La cuarta fuente de tesituras delicadas es la reconstrucción económica, y antes de ella la necesidad de atender al sustento más elemental del conjunto de la población. La impresión más extendida señala que no hay ningún programa serio que se ocupe de una y otra cuestión. Mientras se disipa una duda que acaso es meramente retórica -la de si EE.UU. apuesta por una genuina reconstrucción o aspira, sin más, a apuntalar un negocio redondo en provecho de sus empresas-, los concursos abiertos han suscitado ya todas las suspicacias, y lo más probable es que las sigan alimentando aun en el caso de que se multiplique generosamente el número de países participantes y se respeten viejos compromisos. El precedente afgano obliga a ser, de cualquier modo, poco optimista en el caso de un país, Irak, en el que lo más sencillo es que la codicia se imponga sobre la sensatez.

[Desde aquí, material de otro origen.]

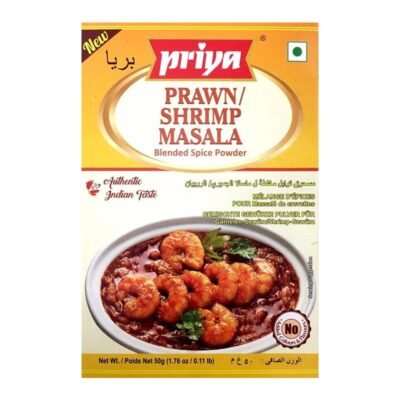 Priya Shrimp Masala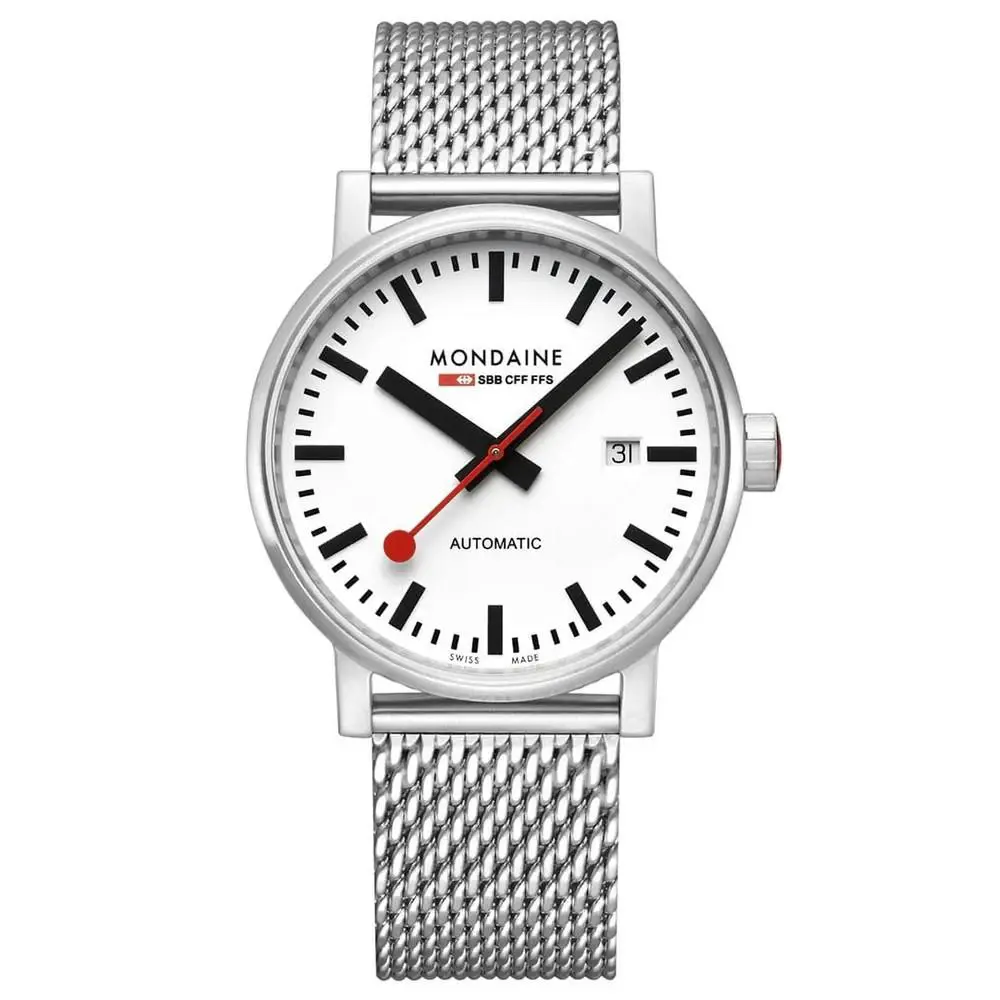 Evo2 40 mm - MSE.40610.SM by Mondaine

Agreguemos, en suma, una quinta y última cuestión: la de la delicada situación que atraviesan las relaciones de Estados Unidos con varios de los países de la región en los que saltan a la vista los problemas que acosan a unos dirigentes políticos que deben encarar el visible descontento de sus opiniones públicas. Al respecto obligado es recordar que la colocación de algún parche en Palestina apenas garantiza nada, tanto más cuanto que ningún motivo induce a considerar seriamente la posibilidad de que Estados Unidos, aparentemente reforzado su papel en el Oriente Próximo, se disponga a trabajar en serio en un plan de paz encaminado a poner cortapisas a las ínfulas imperiales de Ariel Sharon. De por medio colean, para que nada falte, unas amenazas, las dirigidas por Rumsfeld contra Siria e Irán, que acaso anuncian que lo de Irak no es sino un primer paso en un largo camino sembrado de agresiones y prepotencia.